[Issue 19126] Compiler removes inout on templated parameter and then complains it's not there

[d-bugmail at puremagic.com]

https://issues.dlang.org/show_bug.cgi?id=19126

--- Comment #11 from Steven Schveighoffer <schveiguy at yahoo.com> ---
(In reply to Ali Ak from comment #10)
> Ahhh this inout just hurts my head. So is fixing inout on return a much
> bigger bug than the more simple "don't remove inout from a parameter if the
> return value has inout"?

I'm thinking now that actually, even removing the restriction of saying inout
can't be on the return unless it's on the parameter (i.e. issue 13006) doesn't
fix the code exactly, but it will move the error to where it makes more sense.
In other words, it will error on the line where you try to pass in an
immutable(T) to an inout W!T. Then the error is more obvious.

So you are right, it's not as simple as that. My analysis in comment 2 is not
correct.

> 
> Currently you can do this and then things behave consistently. Fixes this
> problem but does't solve the "allowing inout on return" problem.
> 
> auto wrap0(T)(inout(T) t) {
>     static if (is(T == immutable)) {
>     	return immutable W!T();
>     } else {
>         return inout W!T();
>     }
> }

I'm still finding trouble understanding why you want to specify immutable
explicitly as the T value. Why not just mutable T? Then you don't need that
machinery at all.

> When T is an immutable it seems like the compiler should be doing this by
> itself. If it decides to "replace" inout(immutable) with just immutable,
> then it should replace inout everywhere with immutable. SO why doesn't
> inout(W!(immutable int)) become immutable(T!int)? That would also make this
> error go away right?

But that's not what you specified. inout(SomeTemplate!(immutable(T))) cannot be
replaced in all cases with immmutable(SomeTemplate!T). In this case, it would
be OK, but the compiler would have to do a lot to prove that.

> Maybe the compiler shouldn't be reducing inout in the first place? It is
> supposed to be (IIUC) qualifiers in => qualifiers out right? So why does it
> remove it before the it "lands" somewhere?
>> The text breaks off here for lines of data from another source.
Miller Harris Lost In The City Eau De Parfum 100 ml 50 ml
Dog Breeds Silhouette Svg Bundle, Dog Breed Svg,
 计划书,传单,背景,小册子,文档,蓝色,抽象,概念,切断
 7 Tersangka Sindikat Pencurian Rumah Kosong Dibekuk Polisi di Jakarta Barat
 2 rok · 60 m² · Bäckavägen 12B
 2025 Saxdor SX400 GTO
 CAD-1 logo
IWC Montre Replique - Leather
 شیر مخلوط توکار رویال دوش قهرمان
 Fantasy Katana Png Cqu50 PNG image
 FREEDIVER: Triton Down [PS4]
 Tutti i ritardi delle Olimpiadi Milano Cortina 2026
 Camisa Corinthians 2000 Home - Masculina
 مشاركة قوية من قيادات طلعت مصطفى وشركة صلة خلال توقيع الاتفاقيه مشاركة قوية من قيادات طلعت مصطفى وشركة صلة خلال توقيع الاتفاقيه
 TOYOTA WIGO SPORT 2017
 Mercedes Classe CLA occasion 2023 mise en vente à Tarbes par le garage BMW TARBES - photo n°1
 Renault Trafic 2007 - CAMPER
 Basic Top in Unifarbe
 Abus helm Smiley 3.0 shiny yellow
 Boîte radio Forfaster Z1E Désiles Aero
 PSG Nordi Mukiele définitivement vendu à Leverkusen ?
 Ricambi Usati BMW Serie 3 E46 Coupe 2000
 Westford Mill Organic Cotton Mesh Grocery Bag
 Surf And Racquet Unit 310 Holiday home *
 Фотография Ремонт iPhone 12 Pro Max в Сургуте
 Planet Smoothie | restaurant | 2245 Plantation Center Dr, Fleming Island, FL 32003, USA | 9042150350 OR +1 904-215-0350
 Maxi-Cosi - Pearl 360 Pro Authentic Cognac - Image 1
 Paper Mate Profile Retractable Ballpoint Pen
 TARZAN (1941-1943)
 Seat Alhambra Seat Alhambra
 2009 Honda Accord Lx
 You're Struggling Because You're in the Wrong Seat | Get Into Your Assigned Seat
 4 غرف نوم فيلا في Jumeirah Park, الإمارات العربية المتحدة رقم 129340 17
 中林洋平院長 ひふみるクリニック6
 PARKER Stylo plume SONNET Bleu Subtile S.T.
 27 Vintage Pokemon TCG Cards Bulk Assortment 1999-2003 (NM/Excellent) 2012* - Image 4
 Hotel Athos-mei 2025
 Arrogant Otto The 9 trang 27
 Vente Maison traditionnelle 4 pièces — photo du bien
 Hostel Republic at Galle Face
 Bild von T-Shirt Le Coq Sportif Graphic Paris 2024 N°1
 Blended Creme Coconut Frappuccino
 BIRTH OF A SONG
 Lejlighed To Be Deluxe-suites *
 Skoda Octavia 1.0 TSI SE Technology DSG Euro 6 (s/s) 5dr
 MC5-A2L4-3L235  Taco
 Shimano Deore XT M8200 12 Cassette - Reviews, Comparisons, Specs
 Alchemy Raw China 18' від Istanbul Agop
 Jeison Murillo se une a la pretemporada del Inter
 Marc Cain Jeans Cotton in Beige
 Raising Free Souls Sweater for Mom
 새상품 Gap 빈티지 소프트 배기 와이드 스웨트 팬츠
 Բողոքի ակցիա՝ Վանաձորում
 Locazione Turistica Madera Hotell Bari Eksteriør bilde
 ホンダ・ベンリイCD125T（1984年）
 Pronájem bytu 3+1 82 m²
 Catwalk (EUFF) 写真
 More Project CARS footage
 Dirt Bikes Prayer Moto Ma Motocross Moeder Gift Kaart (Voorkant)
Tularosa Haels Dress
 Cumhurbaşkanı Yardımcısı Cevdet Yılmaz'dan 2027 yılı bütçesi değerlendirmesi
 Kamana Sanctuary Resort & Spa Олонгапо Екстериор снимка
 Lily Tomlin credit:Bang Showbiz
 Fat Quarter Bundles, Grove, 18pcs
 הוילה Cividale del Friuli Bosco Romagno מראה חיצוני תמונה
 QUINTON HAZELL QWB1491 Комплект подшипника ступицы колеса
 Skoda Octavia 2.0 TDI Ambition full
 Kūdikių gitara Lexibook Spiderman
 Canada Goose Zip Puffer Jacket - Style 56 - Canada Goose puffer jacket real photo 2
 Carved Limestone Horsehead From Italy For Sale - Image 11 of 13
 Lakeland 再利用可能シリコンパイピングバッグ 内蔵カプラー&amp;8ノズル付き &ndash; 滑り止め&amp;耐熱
This makes no sense regardless of
> immutable being the strongest qualifier. The purposes of inout and immutable
> seem orthogonal. It's not a mutability qualifier, it's a "transport of
> mutability information" qualifier right?

Its behavior is the least common denominator of all 3 mutability parameters.
The things you can do with inout are all the things you could do with a
mutable, immutable, or const version, and nothing more.

However, any qualifier that is added on top of immutable is immutable, so the
compiler is stripping away inout to simplify things.

But it can only do this on types that are fully immutable. In the case of the
struct, only the member is immutable, it's not immutable on the whole struct.

Again, the best fix for this is simply not to instantiate with immutable(T).
You can achieve everything without it.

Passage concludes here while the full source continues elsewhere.